Ruven is cool though. He just turned 80, and they threw a party for him at the log-cabin community center down the hill. Well, it was for him at first, but then it was for all the February birthdays in town... and then January and March too, why not? (These are cool people.) He's from Mexico, by way of Lawrence, Kansas, so it was "feliz cumpleanos" and a pinata for the kids, with "real" Mexican food (as far as I know); and then the coolest thing I've ever seen:

As the party was just starting to wind down, three violinists, two trumpeters, a little guy with a huge acoustic bass guitar, and a really big guy with a little tiny ukelele marched in single-file, in full mariachi regalia, and rocked the house for about an hour. It was pretty much standard-issue country-song lyrics, from what I could understand, but they had incredible voices and it was a surprise mariachi band. How can you top that? Ruven wept openly. I would too, if you surprised me with a mariachi band.

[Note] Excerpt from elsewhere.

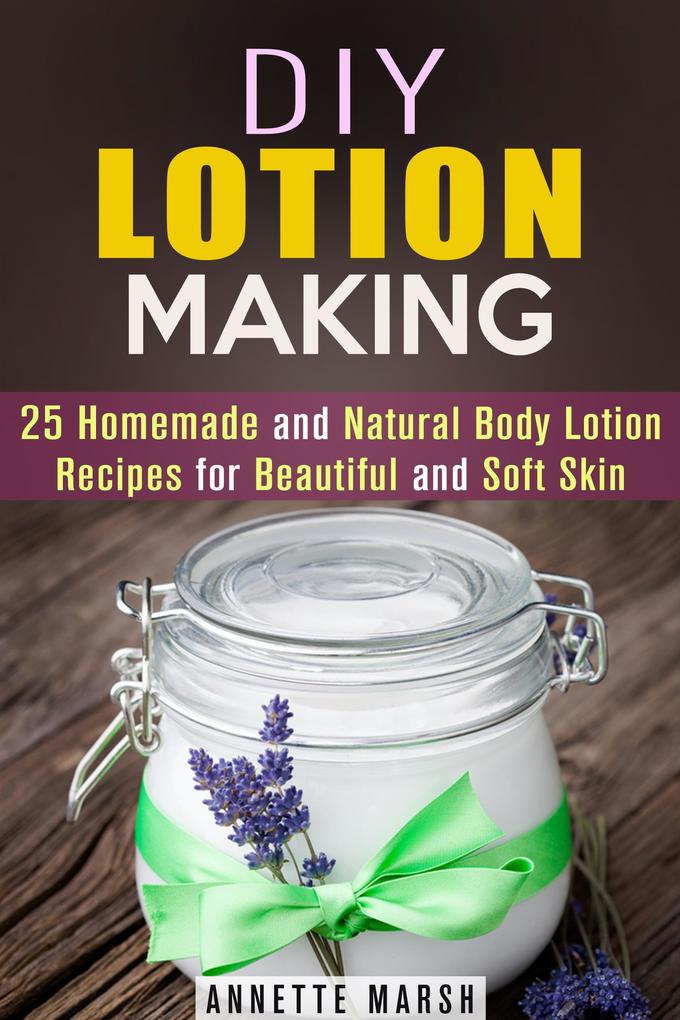 DIY Lotion Making: 25 Homemade and Natural Body Lotion Recipes for Beautiful and Soft Skin (Body Care)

I wish I could say it still feels weird to be home, but it's a lot like my first week in the mission field: I've been doing this forever, and anything that happened more than two weeks ago feels like a dream. The real world is pretty much the way I left it, except somebody ripped off my CDs. But of course I see it all differently. I've been painfully let down by my old favorite bands... it's harder for me to whole-heartedly identify with bitter existentialism and euphemized lust.

But my appreciation for Harry Potter and the Order of the Phoenix, for example, was intensified to the point of being a little silly; because I know what it's like to know something really, really important, and be believed only by people who believe everything. I know what it's like to try to help people who hate you and think you're nuts. And I know how good it feels to have a friend or two who can see what you see, to prove to yourself that you really aren't crazy. Maybe that's why we go two-by-two.

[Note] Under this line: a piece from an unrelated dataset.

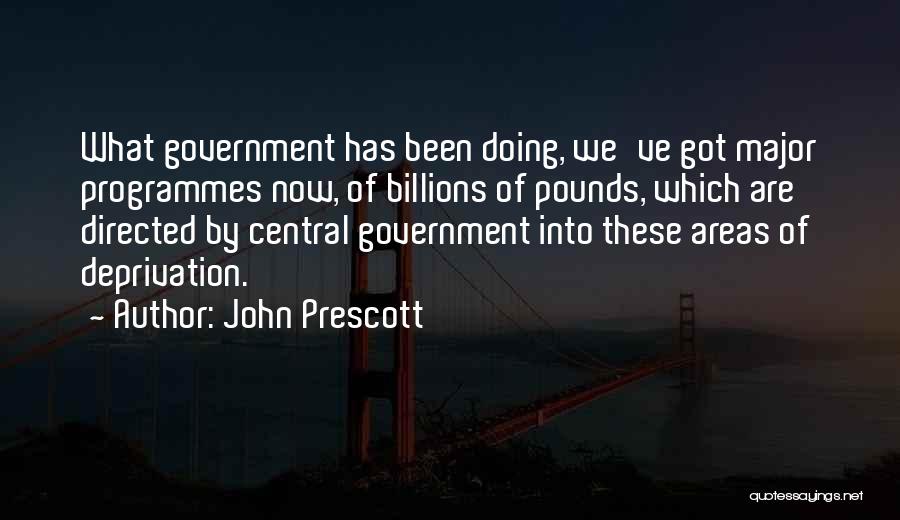 John Prescott Quotes: What Government Has Been Doing, We've Got Major Programmes Now, Of Billions Of Pounds, Which Are Directed By Central Government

Started work yesterday, back at Milliman. In the break room, this young-ish, strange-ish blonde girl says, "Hey, are you new?"

"Yeah, sort of... I'm Kirsten's son."

"Oh... I don't know Kirsten."

"Oh." Awkward pause.

"What's your name?"

"Kevin."

"You look like a Kevin."

"Hope that's a good thing."

"Oh, it is."

"Well, good!"

And I walk out with my can of ginger ale. Innocent enough. A couple hours later, I walk by her half-cubicle on my way to the john, and she says, playfully, "I dreamed about you, Doug."

Startled, I look histrionically over both shoulders, hoping Doug is behind me. No such luck.

"Oh," she says, "I--I thought you were--um--Doug."

I couldn't think of anything to say to that, so I just cracked up and walked off. Maybe not in the nicest way. Now I feel bad. But that experience, plus the money, made it a day well spent.